Yes, but we need security to be re-established before more stable patterns of civic behavior can re-emerge. Luckily, we have had a movement in defense circles arise that has learned these lessons at wartime: there is no real security that ignores the “root causes” that allow crime to fester; there can be no real security that doesn’t enlist the population as an active partner; and so expensive jobs programs and other forms of productive enterprise have to flood into areas cleared of criminals. Oh, and make sure your incarceration programs are heavily geared toward rehabilitation. There’s even a manual that spells all this out.
For years — decades, even — a strain of highly-politicized urban-policy thinking has sneered at any proposal that even approaches dealing with “root causes,” calling that an excuse for pathological behavior.
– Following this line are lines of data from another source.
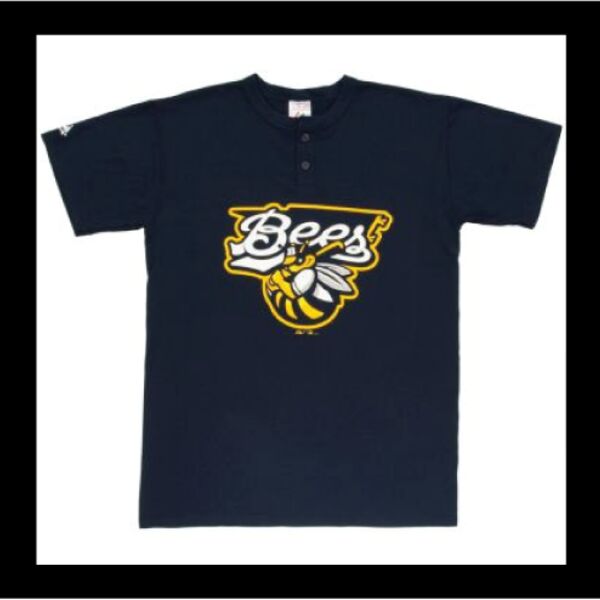 Burlington Bees Thumbnail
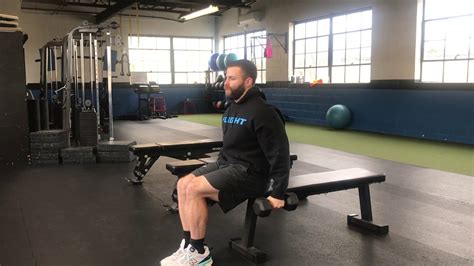 Seated Dumbbell Front Raise Youtube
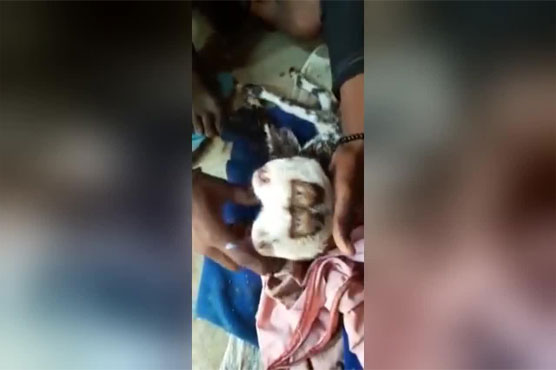 Mutant goat born with two faces baffles onlookers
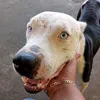 Someone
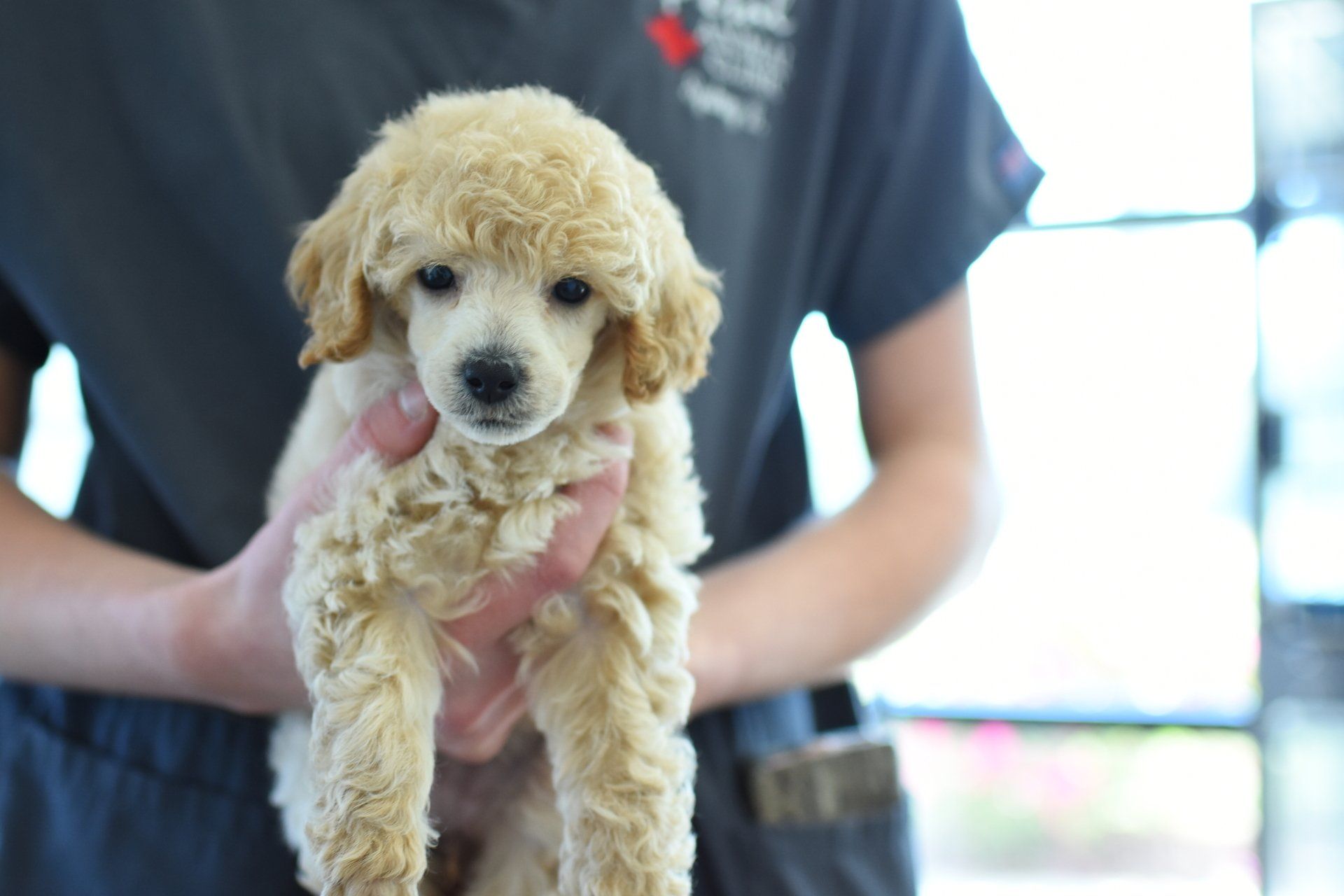Poodle Puppies Pet Center Hattiesburg, MS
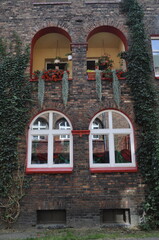 Window with flowers in the old town of Katowice, Poland Ivy growing on the wall of a house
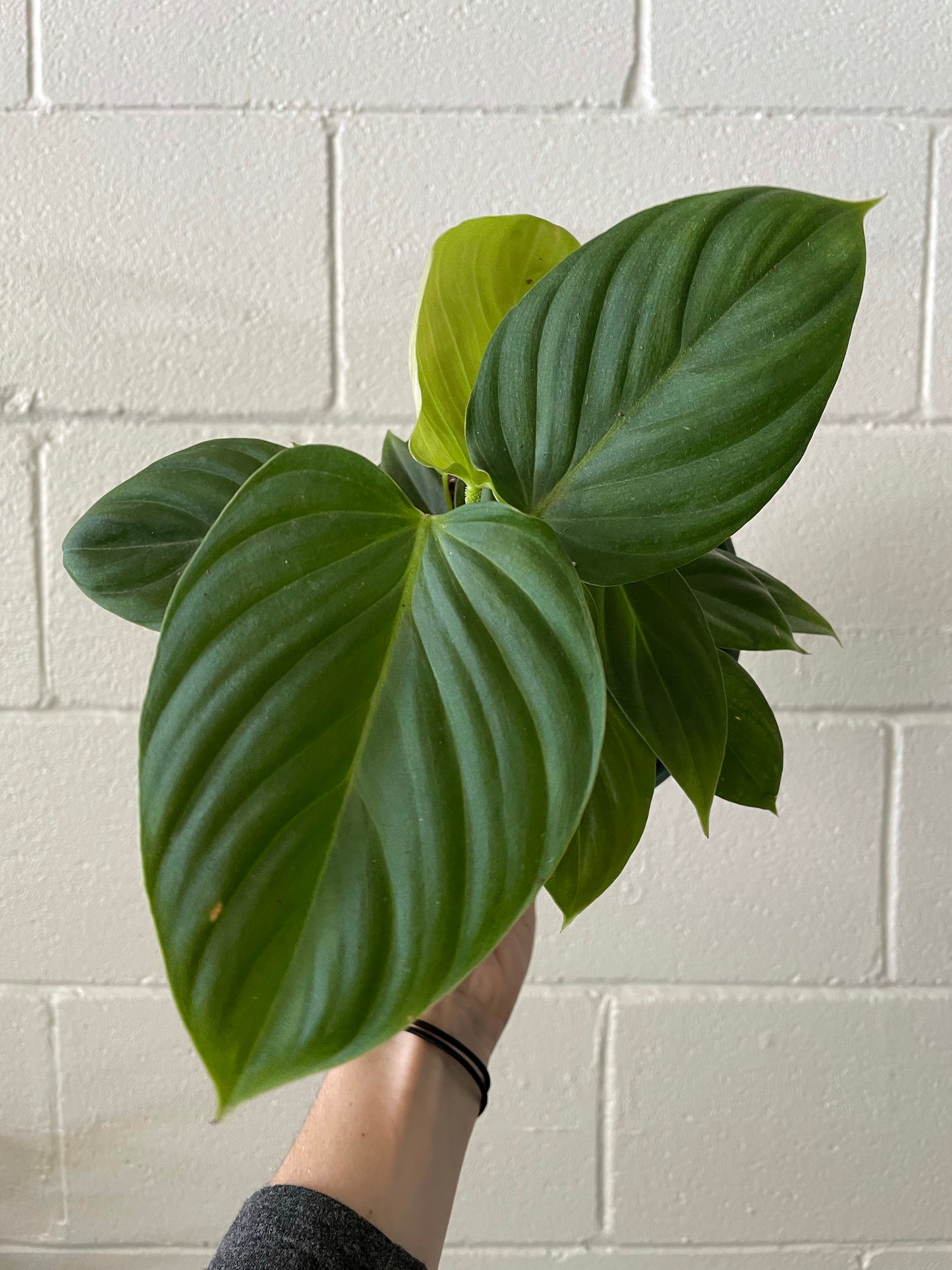 Philodendron Fuzzy petiole (Philodendron Nangaritense) 4-6"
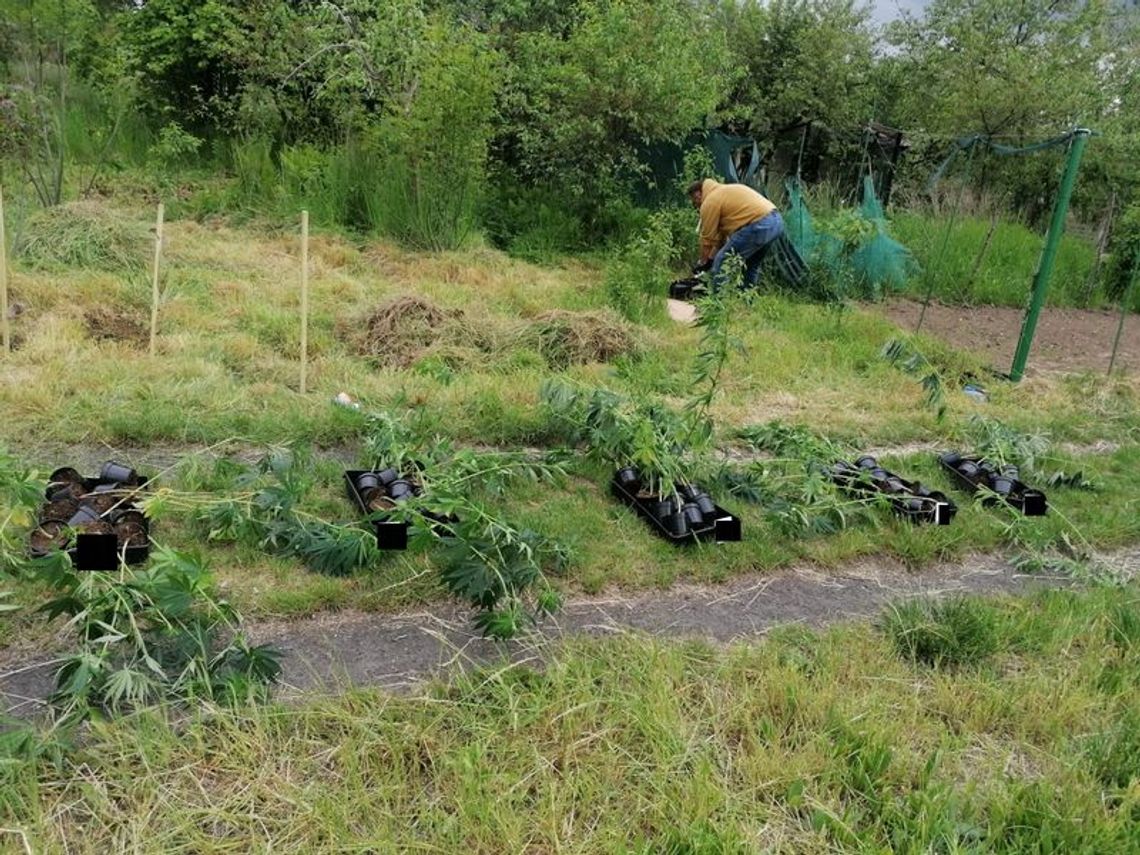 marihuana na ogrodzie w Malborku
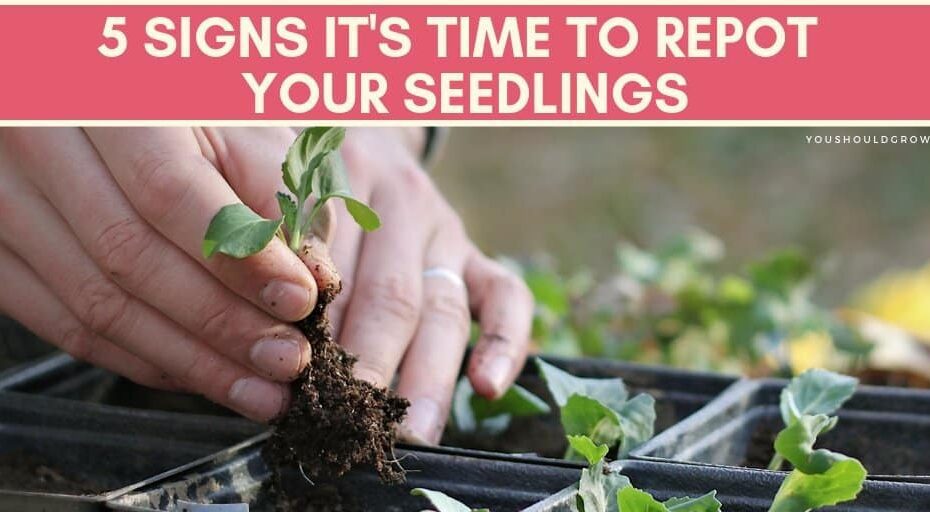 When to Transplant Zucchini Seedlings Into Bigger Pots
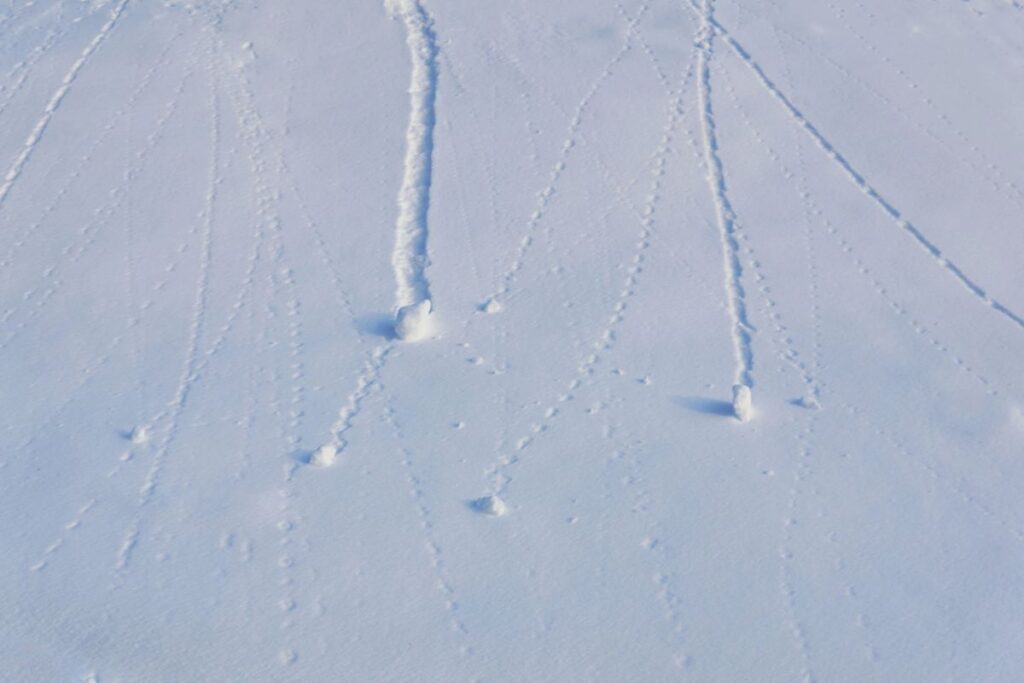 snow balls rolling down a hill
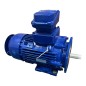 SIEMENS 1MB1553-1BB29-0WB4 SIMOTICS XP Moteur fonte antidéflagrant IE3 4kW SIEMENS 1MB1553-1BB29-0WB4 SIMOTICS XP Moteur fonte antidéflagrant IE3 4kW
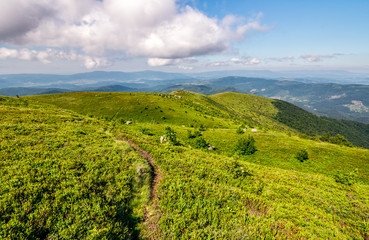 Fototapeta premium path through the mountain ridge in summer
Well, if you believe Petraeus’ population-centric counterinsurgency approach in Iraq led to valuable security gains, you have no excuse to continue believing that. The “soldiers aren’t cops” argument isn’t going to fly here. I’ve attended a seminar at the Army/Marine Corps COIN Center at Ft. Leavenworth in which a talented Army lieutenant colonel explicitly instructed his fellow officers to view neighborhood security as if they were running Kansas City police patrols. The counterinsurgents understand that thinking like an occupying army without asking why neighborhoods give in to insecurity is a blueprint for accelerated destabilization. In urban-policy circles this is considered, for some bewildering reason, unacceptably left-wing. In the Army and Marine Corps, it’s becoming received wisdom.
My friend Ezra thinks that Bill Bratton needs to come to D.C. to reinvigorate the police. I was a Brooklyn teenager during Bratton’s term as NYPD police commissioner and will never say an unkind word about the man. But let’s aim higher. That CENTCOM gig won’t last forever. We need David Petraeus to change uniforms.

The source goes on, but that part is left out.